Dados da semana passada mostraram recuo na inflação subjacente, surpresa negativa nos empregos de julho e a maior queda mensal nas vendas no varejo em mais de um ano. Além disso, o Índice de Preços ao Produtor em julho ficou estável mês a mês.
Os sinais de desaceleração econômica reduziram as expectativas do mercado sobre um aumento de juros do Federal Reserve em setembro, ao mesmo tempo em que inclinaram a curva de rendimentos — a diferença entre os rendimentos dos títulos de 2 anos e 30 anos aumentou para 114 pontos-base, maior valor desde abril.
No entanto, a inflação ainda está longe da meta de 2% do Federal Reserve. O índice de preços ao consumidor subiu 3,4% em relação ao ano anterior, e Shah alerta que mais de 55% dos preços dos principais bens continuam subindo, não sendo o momento de interpretar a melhora recente da inflação como um sinal de mudança de política.
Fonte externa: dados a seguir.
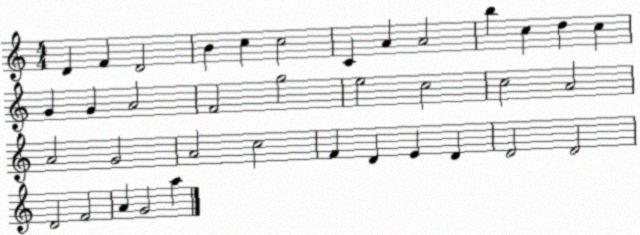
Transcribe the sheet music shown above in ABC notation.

X:1
T:Untitled
M:4/4
L:1/4
K:C
D F D2 B c c2 C A A2 b c d c G G A2 F2 g2 e2 c2 c2 A2 A2 G2 A2 c2 F D E D D2 D2 D2 F2 A G2 a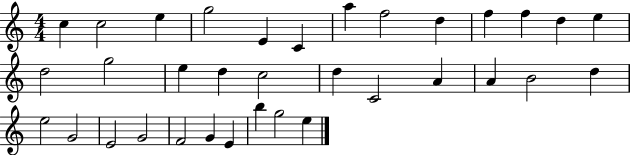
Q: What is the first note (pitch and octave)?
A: C5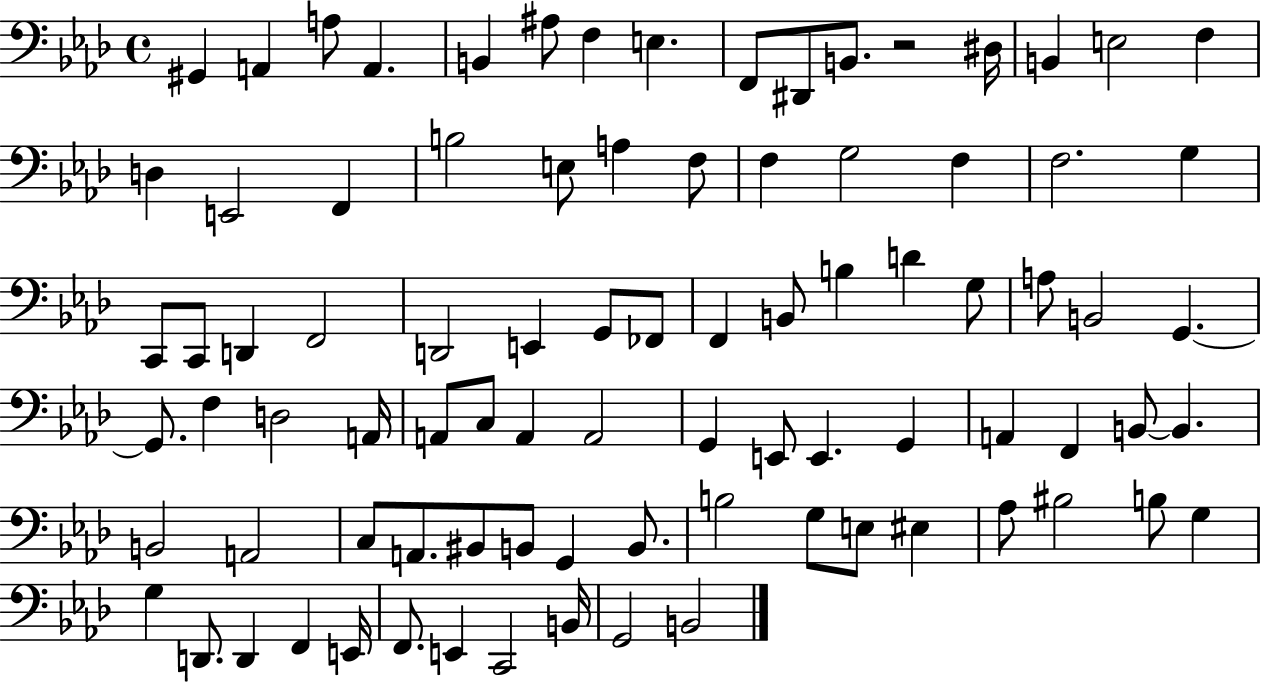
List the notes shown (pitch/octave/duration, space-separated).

Ele classifica a reunião de setembro do Fed como "imprevisível".
Em 29 de julho, o Federal Reserve decidiu, por 9 votos a 3, manter pela quinta vez consecutiva a taxa de juros na faixa de 3,50% a 3,75%. Os três dissidentes — Beth Hammack do Fed de Cleveland, Neel Kashkari do Fed de Minneapolis e Lorie Logan do Fed de Dallas — defenderam um aumento de 25 pontos-base.
Atualmente, o mercado aguarda a divulgação da ata da reunião do Comitê Federal de Mercado Aberto de julho, na quarta-feira, para buscar mais pistas sobre a política monetária.
Ressonância global provoca reavaliação da lógica de alocação de ativos
A alta atual dos rendimentos de longo prazo já se transformou em um fenômeno global, com investidores de diversos países exigindo prêmios maiores para se protegerem do risco de inflação persistente.
Tanto os mercados de títulos do Canadá quanto da Europa apresentam movimentos sincronizados, indicando que a reprecificação estrutural dos mercados de dívida globais continua.
Sobre a tendência de investimentos em inteligência artificial, Shah destaca que a lógica de aporte está migrando do desenvolvimento de modelos na fronteira para infraestrutura em nuvem, com players como Microsoft e Google, grandes provedores de soluções em nuvem, podendo monetizar IA através de capacidade de processamento, raciocínio e distribuição — oferecendo expectativas de retorno mais claras que empresas como OpenAI e Anthropic, especializadas em desenvolvimento de IA de ponta.
A leitura do índice de preços de despesas de consumo pessoal referente à meta de inflação de 2% do Federal Reserve, para o mês de julho, será divulgada em 26 de agosto, trazendo ao mercado mais referências para as diretrizes de política monetária.